#### [Task directions]
Pictures stay out; everything else in the listing below is to be restated word for word.

++++++++++++++++++++

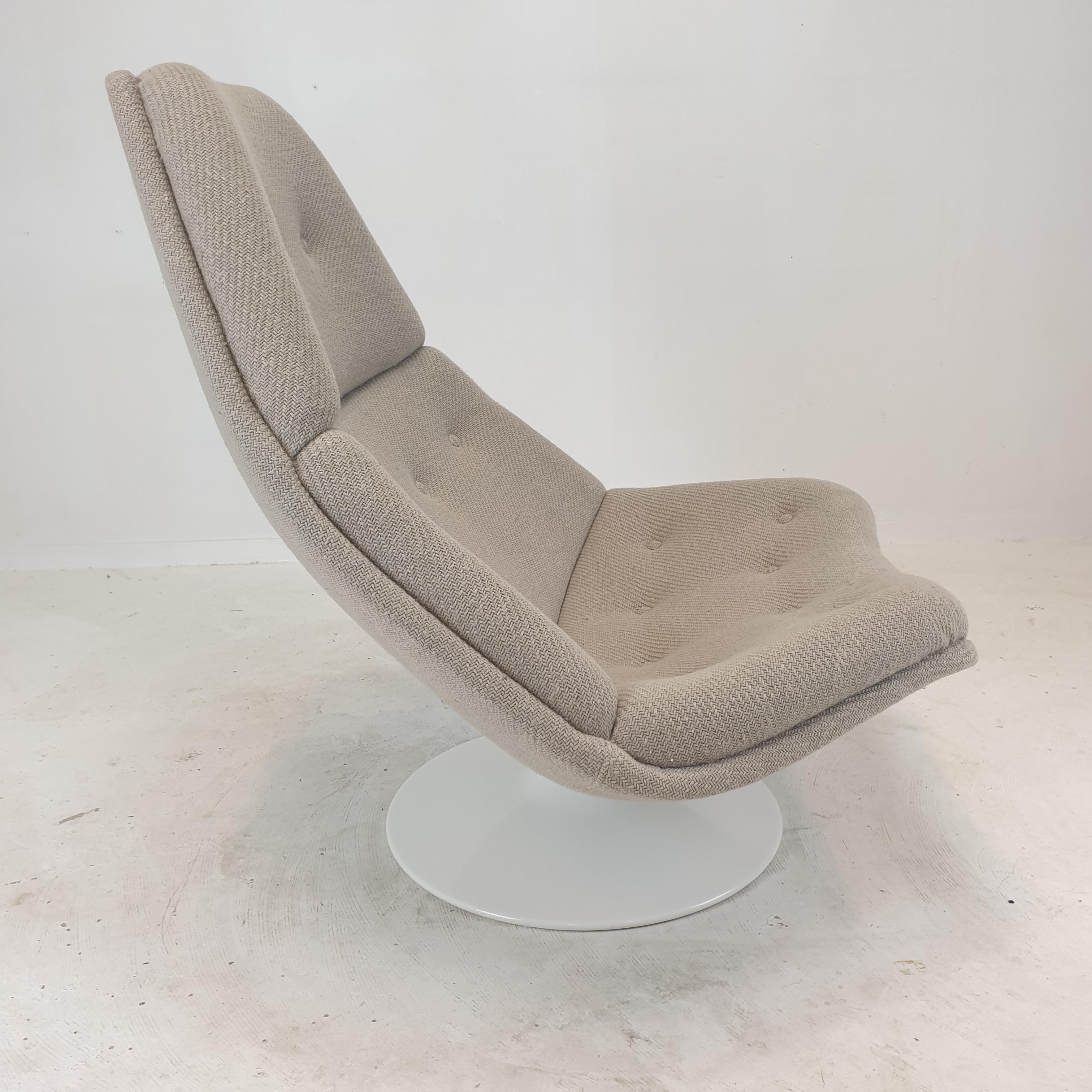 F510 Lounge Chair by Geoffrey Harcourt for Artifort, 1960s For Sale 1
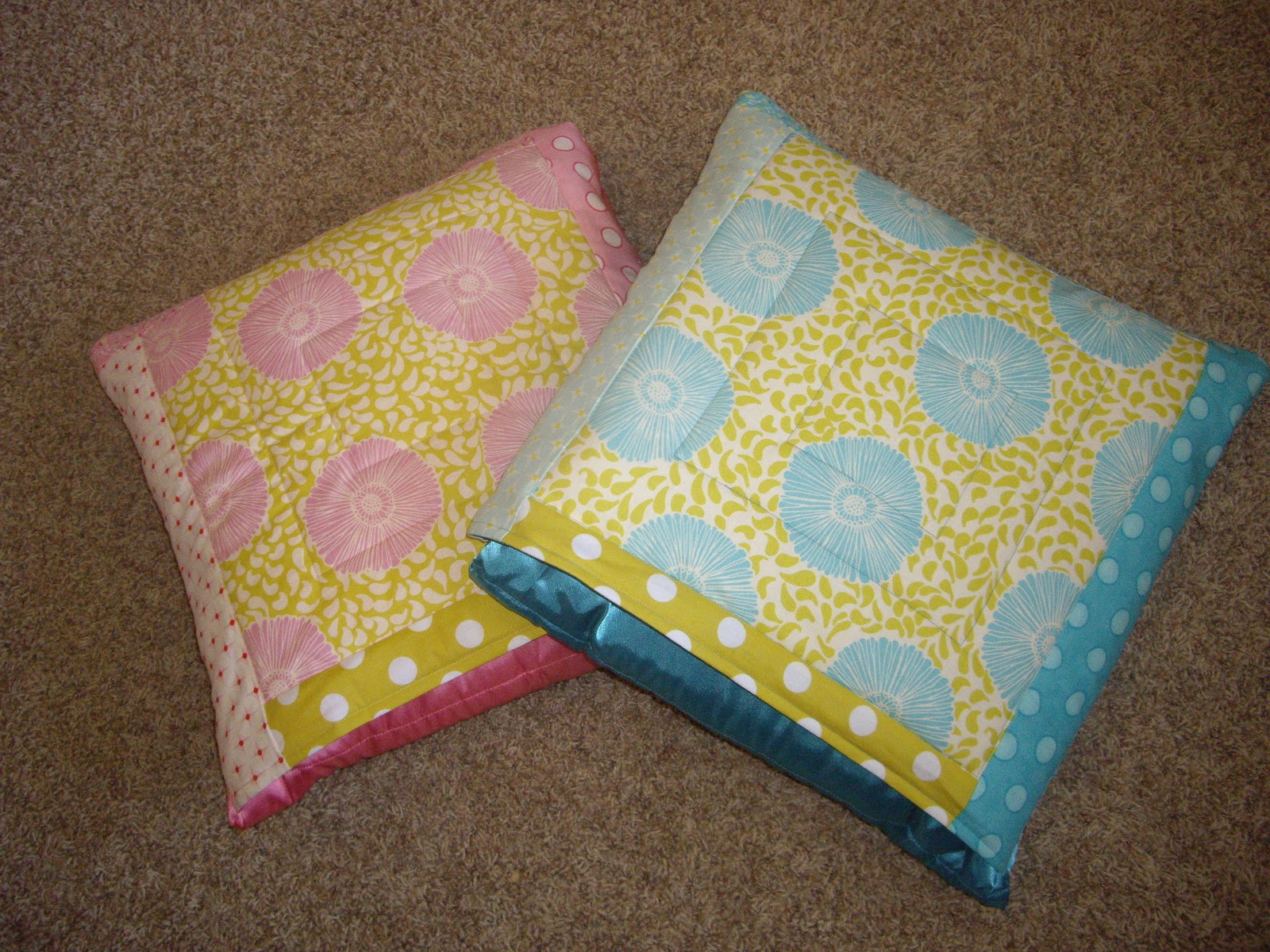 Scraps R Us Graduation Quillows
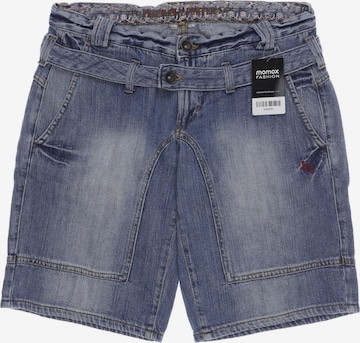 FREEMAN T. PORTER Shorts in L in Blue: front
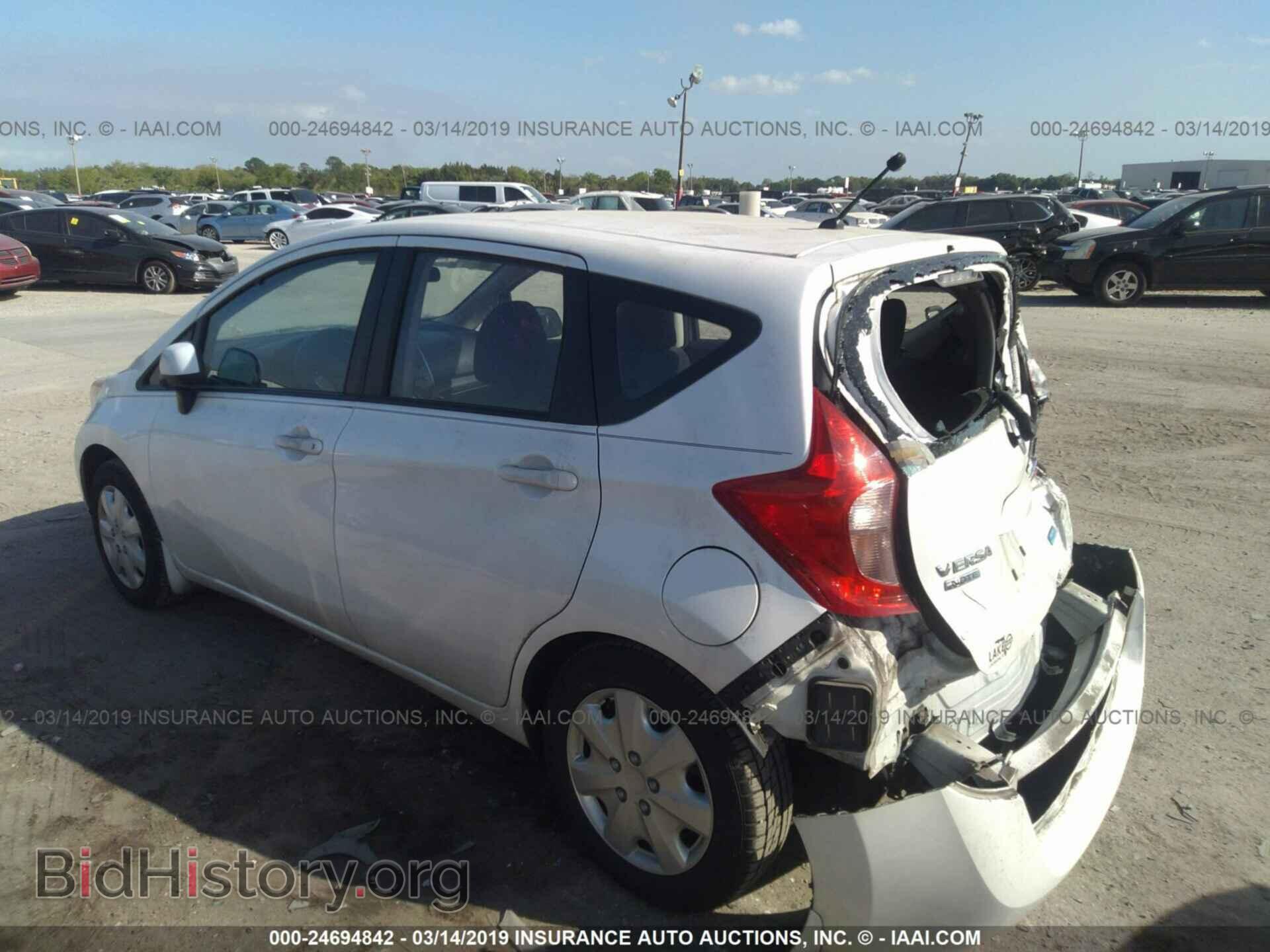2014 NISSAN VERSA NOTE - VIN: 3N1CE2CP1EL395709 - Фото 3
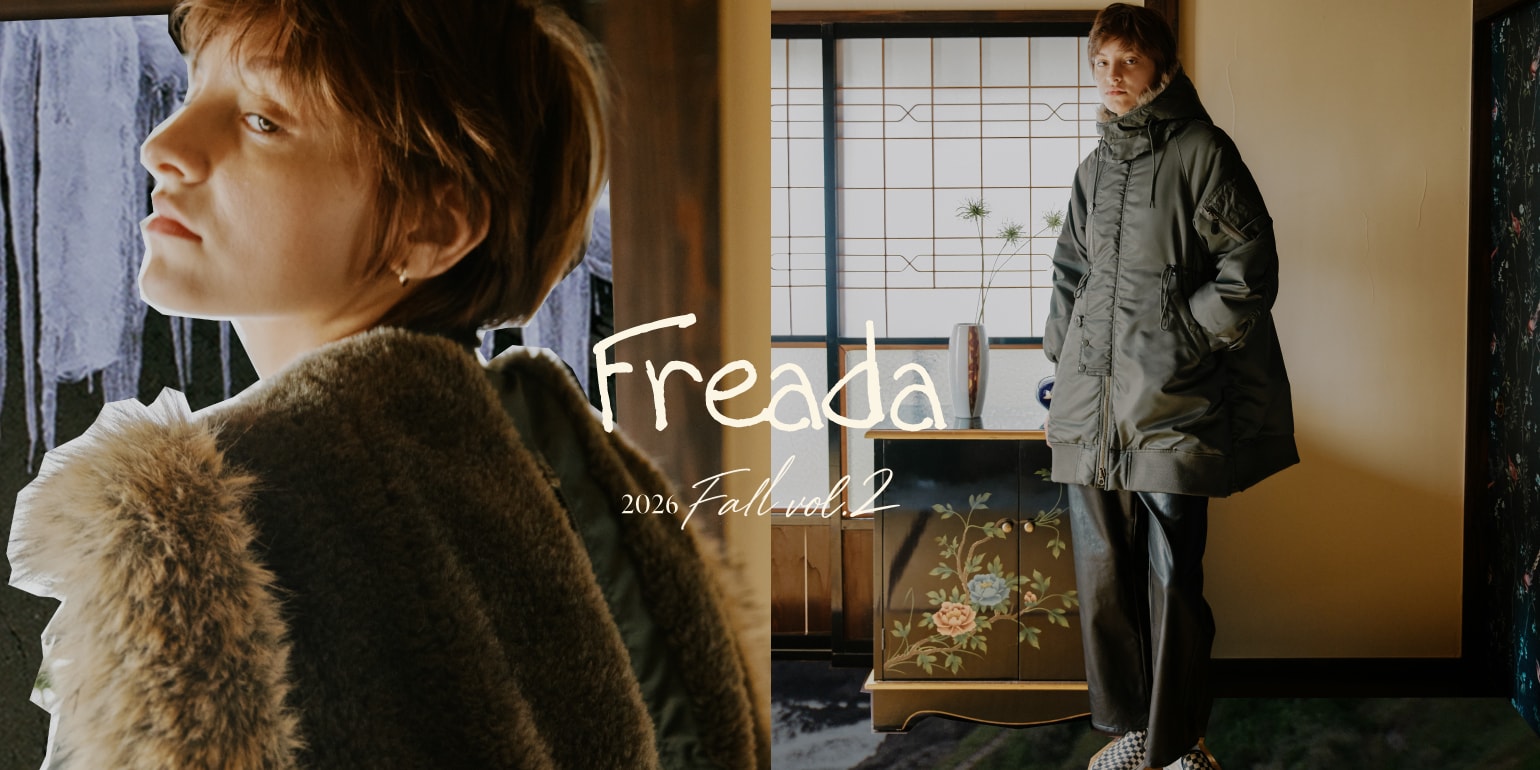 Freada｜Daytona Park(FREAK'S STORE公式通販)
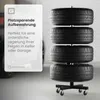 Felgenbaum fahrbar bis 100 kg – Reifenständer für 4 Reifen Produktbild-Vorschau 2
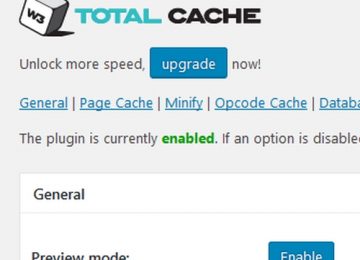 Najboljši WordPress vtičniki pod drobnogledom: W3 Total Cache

++++++++++++++++++++

#### [Answer section]
 F510 Lounge Chair by Geoffrey Harcourt for Artifort, 1960s For Sale 1
 Scraps R Us Graduation Quillows
 FREEMAN T. PORTER Shorts in L in Blue: front
2014 NISSAN VERSA NOTE - VIN: 3N1CE2CP1EL395709 - Фото 3
 Freada｜Daytona Park(FREAK'S STORE公式通販)
 Felgenbaum fahrbar bis 100 kg – Reifenständer für 4 Reifen Produktbild-Vorschau 2
 Najboljši WordPress vtičniki pod drobnogledom: W3 Total Cache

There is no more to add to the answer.